## Instructions to follow
Begin at the line below that has "Жеке үй · 3" and stop after the line that has "BK_Weltspieletag 2014 46.jpg". Please restate only those lines, word for word.

━━━━━ Supplied records

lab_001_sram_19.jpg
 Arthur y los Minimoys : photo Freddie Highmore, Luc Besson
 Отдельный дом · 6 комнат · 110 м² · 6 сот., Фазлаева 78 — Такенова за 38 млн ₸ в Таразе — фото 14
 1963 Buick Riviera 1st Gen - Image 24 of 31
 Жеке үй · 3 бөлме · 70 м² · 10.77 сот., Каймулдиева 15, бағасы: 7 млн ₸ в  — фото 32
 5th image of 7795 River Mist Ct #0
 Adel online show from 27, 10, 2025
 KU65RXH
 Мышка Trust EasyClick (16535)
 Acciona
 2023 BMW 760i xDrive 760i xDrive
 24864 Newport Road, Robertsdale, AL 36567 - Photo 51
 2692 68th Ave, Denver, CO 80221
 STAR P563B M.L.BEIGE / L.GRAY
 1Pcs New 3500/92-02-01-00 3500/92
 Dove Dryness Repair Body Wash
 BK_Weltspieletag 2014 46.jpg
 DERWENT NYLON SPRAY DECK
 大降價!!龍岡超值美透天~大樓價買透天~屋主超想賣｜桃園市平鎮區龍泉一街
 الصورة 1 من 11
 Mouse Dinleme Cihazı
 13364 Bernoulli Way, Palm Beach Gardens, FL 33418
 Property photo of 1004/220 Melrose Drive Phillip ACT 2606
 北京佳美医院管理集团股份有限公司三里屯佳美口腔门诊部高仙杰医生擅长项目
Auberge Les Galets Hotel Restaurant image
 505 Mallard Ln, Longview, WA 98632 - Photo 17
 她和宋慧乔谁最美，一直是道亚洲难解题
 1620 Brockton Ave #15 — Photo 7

━━━━━━━━━━

## Your solution
 Жеке үй · 3 бөлме · 70 м² · 10.77 сот., Каймулдиева 15, бағасы: 7 млн ₸ в  — фото 32
 5th image of 7795 River Mist Ct #0
 Adel online show from 27, 10, 2025
 KU65RXH
 Мышка Trust EasyClick (16535)
 Acciona
 2023 BMW 760i xDrive 760i xDrive
 24864 Newport Road, Robertsdale, AL 36567 - Photo 51
 2692 68th Ave, Denver, CO 80221
 STAR P563B M.L.BEIGE / L.GRAY
 1Pcs New 3500/92-02-01-00 3500/92
 Dove Dryness Repair Body Wash
 BK_Weltspieletag 2014 46.jpg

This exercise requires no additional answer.